WHAT TO PRODUCE =
Select and copy out every line in the records containing "Thumbnail".

DATA TO EXAMINE =
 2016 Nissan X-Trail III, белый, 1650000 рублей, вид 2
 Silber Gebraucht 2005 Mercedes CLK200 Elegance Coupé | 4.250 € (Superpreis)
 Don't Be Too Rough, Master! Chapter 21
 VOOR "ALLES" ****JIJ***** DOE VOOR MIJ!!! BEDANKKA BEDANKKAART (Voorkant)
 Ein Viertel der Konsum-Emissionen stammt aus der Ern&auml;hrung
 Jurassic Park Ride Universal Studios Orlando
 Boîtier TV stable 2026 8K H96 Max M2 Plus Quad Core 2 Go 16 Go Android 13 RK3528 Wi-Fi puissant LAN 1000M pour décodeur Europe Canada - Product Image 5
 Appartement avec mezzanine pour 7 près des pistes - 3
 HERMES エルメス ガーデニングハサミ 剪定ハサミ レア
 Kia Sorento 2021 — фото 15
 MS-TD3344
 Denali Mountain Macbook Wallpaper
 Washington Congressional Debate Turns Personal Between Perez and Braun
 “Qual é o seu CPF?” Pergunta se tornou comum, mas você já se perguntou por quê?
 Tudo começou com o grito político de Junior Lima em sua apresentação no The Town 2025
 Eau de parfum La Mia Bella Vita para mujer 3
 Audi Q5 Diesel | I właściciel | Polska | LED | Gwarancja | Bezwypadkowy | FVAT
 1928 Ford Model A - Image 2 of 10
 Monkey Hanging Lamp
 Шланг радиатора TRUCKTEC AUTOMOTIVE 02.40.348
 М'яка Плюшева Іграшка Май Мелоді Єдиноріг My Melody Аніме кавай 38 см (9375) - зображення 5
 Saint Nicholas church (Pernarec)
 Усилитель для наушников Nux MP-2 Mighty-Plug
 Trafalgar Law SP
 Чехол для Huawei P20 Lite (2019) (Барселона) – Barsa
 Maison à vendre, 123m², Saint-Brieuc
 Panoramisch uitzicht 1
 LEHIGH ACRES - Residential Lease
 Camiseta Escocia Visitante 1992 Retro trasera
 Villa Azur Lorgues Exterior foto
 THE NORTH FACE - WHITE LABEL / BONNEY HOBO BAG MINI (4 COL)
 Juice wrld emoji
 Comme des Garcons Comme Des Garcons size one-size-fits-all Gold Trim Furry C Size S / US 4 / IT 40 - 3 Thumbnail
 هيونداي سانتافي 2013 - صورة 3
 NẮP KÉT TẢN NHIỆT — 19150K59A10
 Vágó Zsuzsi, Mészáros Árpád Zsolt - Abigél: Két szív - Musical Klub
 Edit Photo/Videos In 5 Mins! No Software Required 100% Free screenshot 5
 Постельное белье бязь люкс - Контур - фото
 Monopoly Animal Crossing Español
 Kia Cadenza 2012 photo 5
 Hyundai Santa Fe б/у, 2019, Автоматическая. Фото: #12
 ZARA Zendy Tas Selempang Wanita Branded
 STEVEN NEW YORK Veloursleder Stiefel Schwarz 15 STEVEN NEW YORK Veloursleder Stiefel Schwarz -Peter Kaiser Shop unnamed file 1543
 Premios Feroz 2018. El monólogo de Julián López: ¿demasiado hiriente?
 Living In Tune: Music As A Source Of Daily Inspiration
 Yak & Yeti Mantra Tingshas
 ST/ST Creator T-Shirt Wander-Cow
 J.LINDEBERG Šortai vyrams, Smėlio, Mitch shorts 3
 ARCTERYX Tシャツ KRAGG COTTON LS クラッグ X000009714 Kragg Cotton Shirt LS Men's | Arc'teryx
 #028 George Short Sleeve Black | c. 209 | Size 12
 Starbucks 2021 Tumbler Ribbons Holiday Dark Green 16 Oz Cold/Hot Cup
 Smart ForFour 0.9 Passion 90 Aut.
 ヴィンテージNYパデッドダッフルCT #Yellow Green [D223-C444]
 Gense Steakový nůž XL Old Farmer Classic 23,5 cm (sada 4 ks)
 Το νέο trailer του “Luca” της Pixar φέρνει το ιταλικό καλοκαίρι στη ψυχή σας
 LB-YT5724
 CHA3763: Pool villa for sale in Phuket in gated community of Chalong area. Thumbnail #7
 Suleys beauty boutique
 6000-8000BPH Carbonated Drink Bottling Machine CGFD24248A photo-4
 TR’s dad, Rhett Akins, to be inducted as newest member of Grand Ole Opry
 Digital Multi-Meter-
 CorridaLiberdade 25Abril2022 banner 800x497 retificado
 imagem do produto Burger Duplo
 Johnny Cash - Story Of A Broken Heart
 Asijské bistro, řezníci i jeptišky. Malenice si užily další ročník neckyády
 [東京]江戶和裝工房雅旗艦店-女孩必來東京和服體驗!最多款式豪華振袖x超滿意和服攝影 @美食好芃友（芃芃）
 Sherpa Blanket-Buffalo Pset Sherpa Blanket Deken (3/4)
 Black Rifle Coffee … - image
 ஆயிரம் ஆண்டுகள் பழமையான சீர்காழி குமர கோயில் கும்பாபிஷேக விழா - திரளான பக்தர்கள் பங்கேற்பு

OUTPUT =
 Comme des Garcons Comme Des Garcons size one-size-fits-all Gold Trim Furry C Size S / US 4 / IT 40 - 3 Thumbnail
 CHA3763: Pool villa for sale in Phuket in gated community of Chalong area. Thumbnail #7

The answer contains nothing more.